Costa del Sol suffering a continued 'health deficit' because of treatment of foreign residents and tourists
A new E.U. directive on cross-border health care has been generally welcomed.
Experts in cross-border health care consider the new European Directive on the matter will limit the number of programmed operations, but will not solve the problem of overspending. The problems are highlighted on the Costa del Sol where a deficit in health care costs running into millions is established each year by the treatment of foreign EU residents and tourists.
New Government forecasts think that the Spanish Health Service is suffering from a 2 billion € deficit in funding nationally each year. Andalucía obtains some 25 million € a year from the EU in compensation for the costs of attending to EU residents and tourists, according to the Andalucía Regional Government. However this amount is well short of the real costs.
An example of this can be found in the pensioners community, with one on four residents aged over 65 in Málaga province, a foreign resident. The regional health service receives just 2,800 € a year for each one.
La Opinión de Málaga reports that experts in international law and health professionals consider the new EU directive approved in the European Parliament does limit the number of programmed hospital operations, but it does nothing to meet the overspend in the care of foreign residents and the saturation seen in emergency departments on the coast in the high season.
The new directive obliges the patient to get an authorisation from their country of origin for an operation elsewhere, and the treatment must also be available in the home country’s list of services. Otherwise the patient must pay from his or her pocket. Also the new country of residence, Spain in this case, can refuse to give the operation if it goes against the general interest of their own health system, or for questions of organisation, lack or beds or manpower.
Gregorio Blanco, from the Medical Union on the Costa del Sol has told La Opinión de Málaga that ‘Many foreigners here escape that regulation.

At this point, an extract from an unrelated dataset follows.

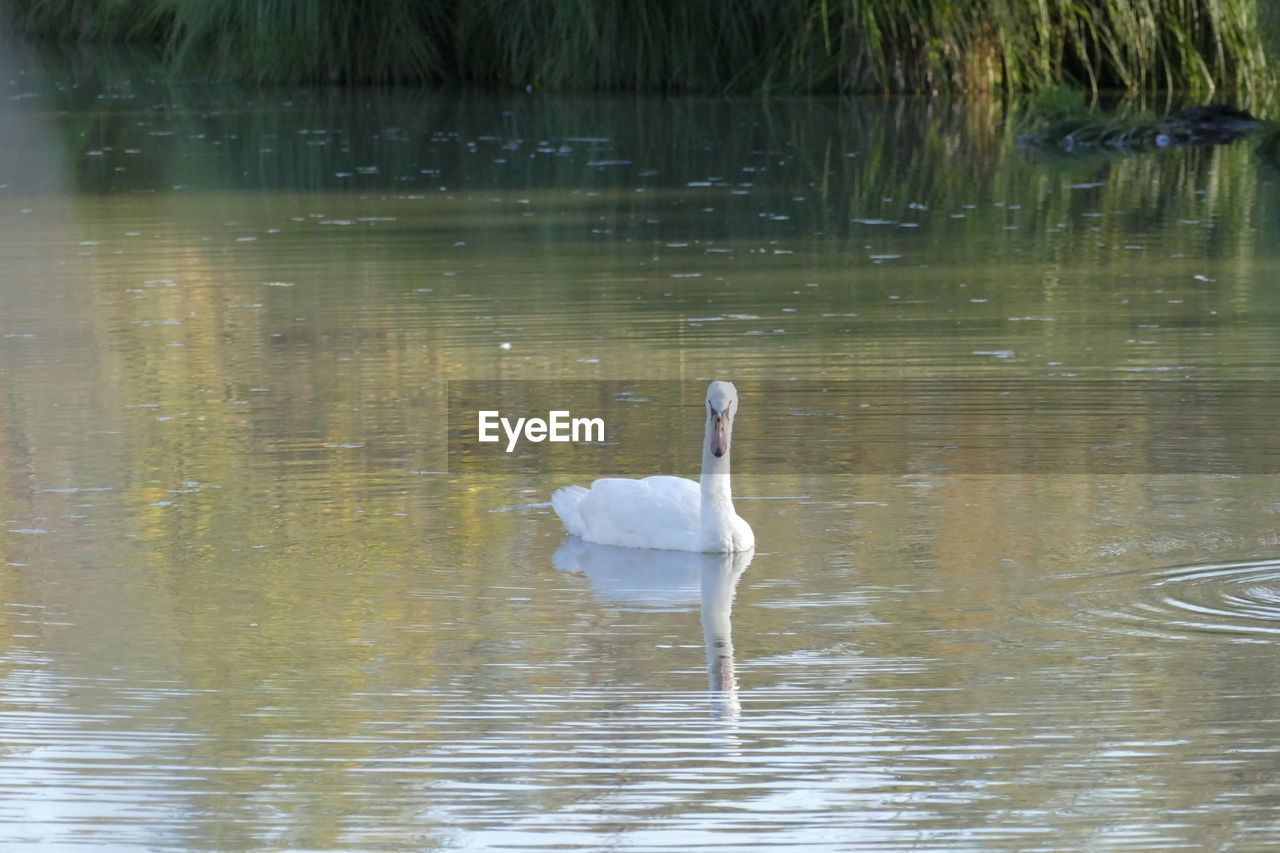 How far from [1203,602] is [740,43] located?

The emergency departments continue to be the entry points for patients to be operated on fractured hips’.
Mayte Echezarreta, from the University of Málaga, who has been studying the problem, lamented that there is ‘no culture of costs’ in Spain. She considers that a better system of payment for the services given needs to be introduced. The latest data shows that Spain has obtained 88.9 million € for treatments to tourists last year, the data for foreign residents is still to be announced.
There are more than 43,000 EU pensioners aged over 65 resident currently in Málaga province, and more than 1.8 million foreign tourists visited the Costa del Sol last year. The Costa del Sol hospital in Marbella reports that one in four emergency cases is a foreigner, and nearly 40% of births have at least one foreign parent.